(WHAT YOU ARE ASKED TO DO) Return the full listing word for word, but drop every picture from it.

(INPUT)
##########
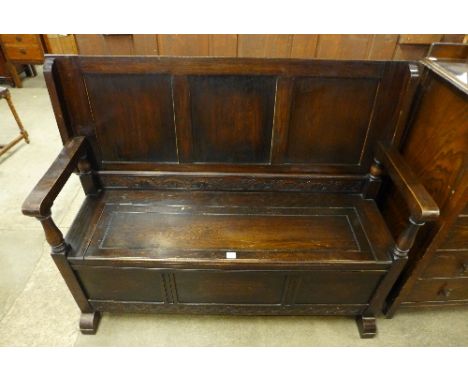 A carved oak monks bench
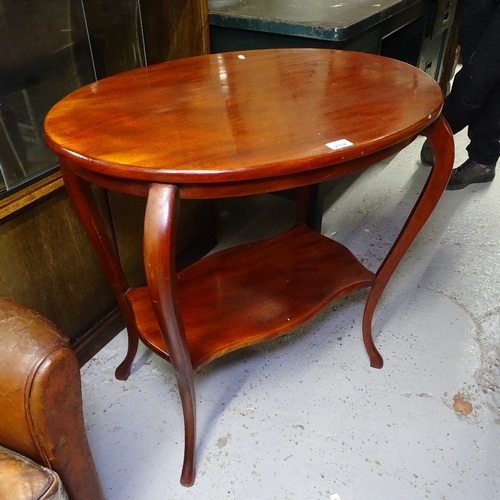 2152 - A walnut nest of 3 occasional tables, and an oval mahogany 2-tier occasional table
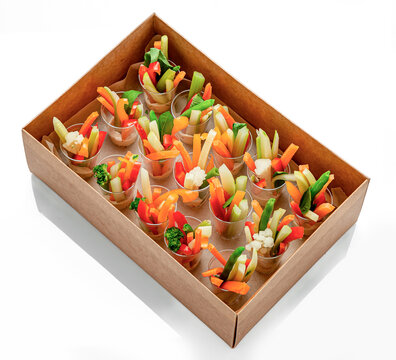 Fresh vegetable sticks served in individual cups. Sliced raw vegetables stand vertically in small transparent cups inside a takeaway box over a white surface.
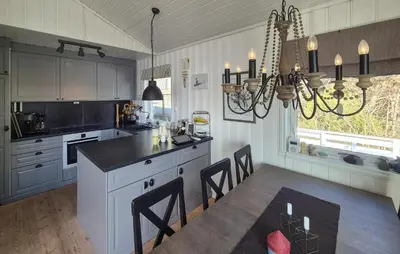 a kitchen with a dining table and a chandelier at Lovely Home In Mosterhamn With Sauna in Mosterhamn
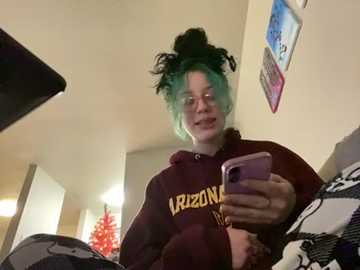 Media: Video of a young person with dyed teal hair in a messy bun, wearing a dark maroon hoodie with \"Iowa\" printed in yellow, sitting on a bed, holding a pink smartphone.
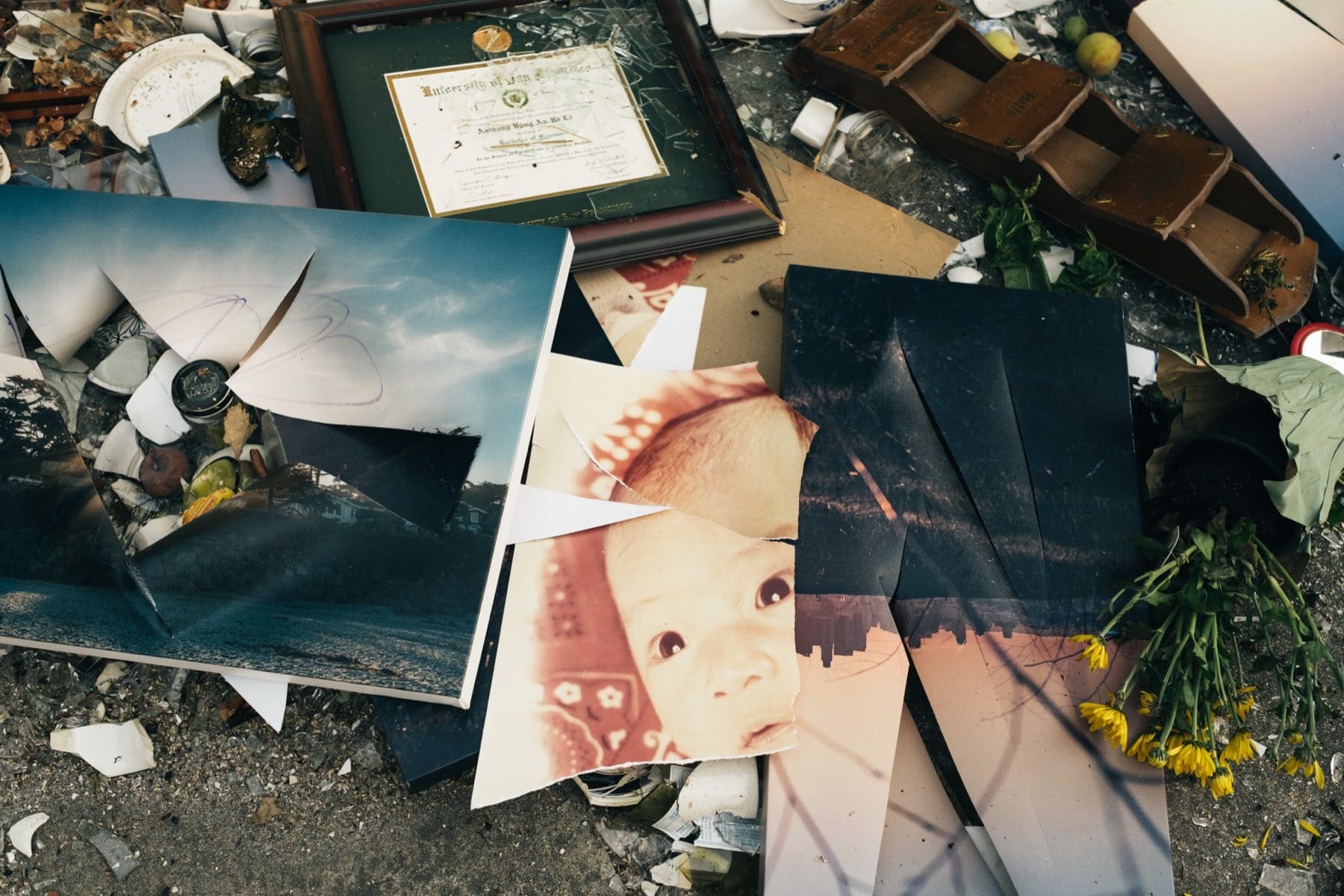 A smashed framed certificate lying beside scattered family photographs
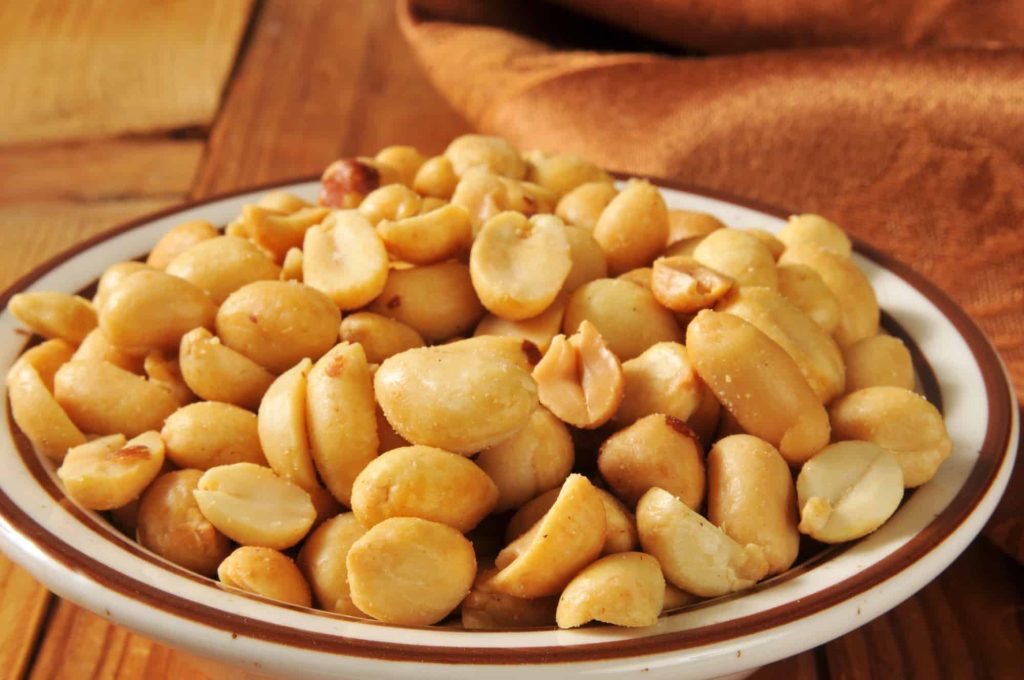 a bowl of roasted and salted peanuts on a plate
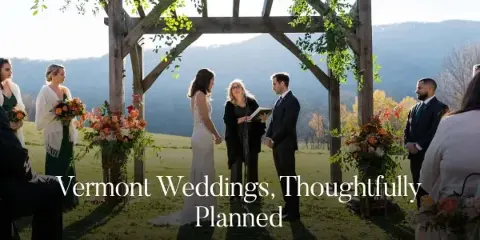 Outdoor wedding ceremony under a wooden pergola with mountains in the background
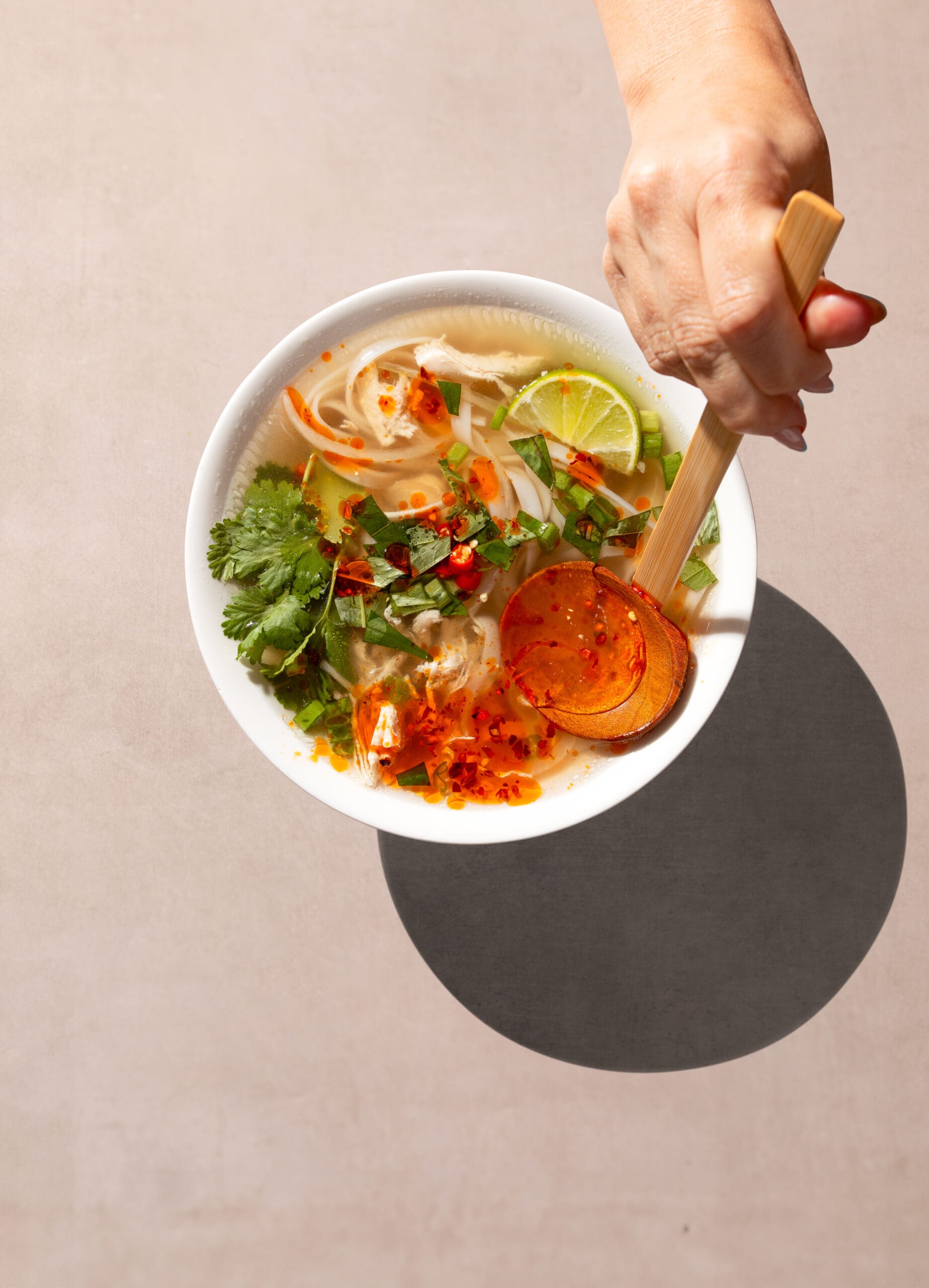 A hand holding a wooden ladle above a bowl of soup filled with noodles, herbs, lime slices, and topped with red pepper flakes. The bowl casts a shadow on a light beige surface.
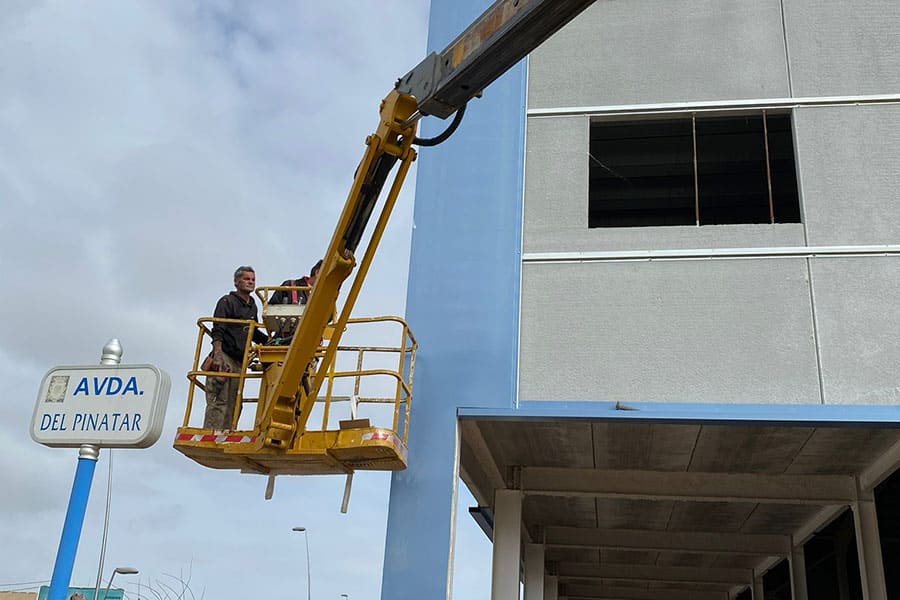 Trabajador en un elevador colocando paneles en nave industrial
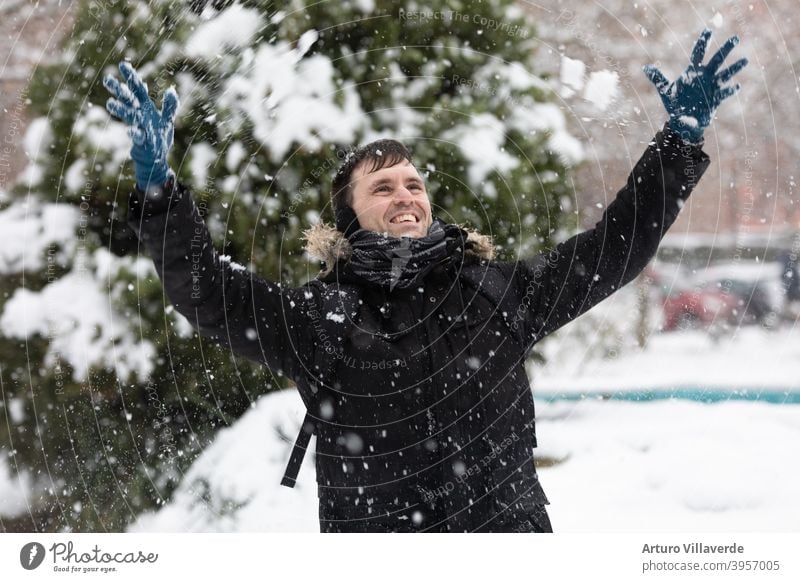 a young man raises his hands towards the sky while it snows. He wears a long black coat pretty Close-up Markets Hooded (clothing) Fashion Happy blow frisky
##########
(ANSWER TO THIS EXERCISE)
 A carved oak monks bench
 2152 - A walnut nest of 3 occasional tables, and an oval mahogany 2-tier occasional table
 Fresh vegetable sticks served in individual cups. Sliced raw vegetables stand vertically in small transparent cups inside a takeaway box over a white surface.
 a kitchen with a dining table and a chandelier at Lovely Home In Mosterhamn With Sauna in Mosterhamn
 Media: Video of a young person with dyed teal hair in a messy bun, wearing a dark maroon hoodie with \"Iowa\" printed in yellow, sitting on a bed, holding a pink smartphone.
 A smashed framed certificate lying beside scattered family photographs
 a bowl of roasted and salted peanuts on a plate
 Outdoor wedding ceremony under a wooden pergola with mountains in the background
 A hand holding a wooden ladle above a bowl of soup filled with noodles, herbs, lime slices, and topped with red pepper flakes. The bowl casts a shadow on a light beige surface.
 Trabajador en un elevador colocando paneles en nave industrial
 a young man raises his hands towards the sky while it snows. He wears a long black coat pretty Close-up Markets Hooded (clothing) Fashion Happy blow frisky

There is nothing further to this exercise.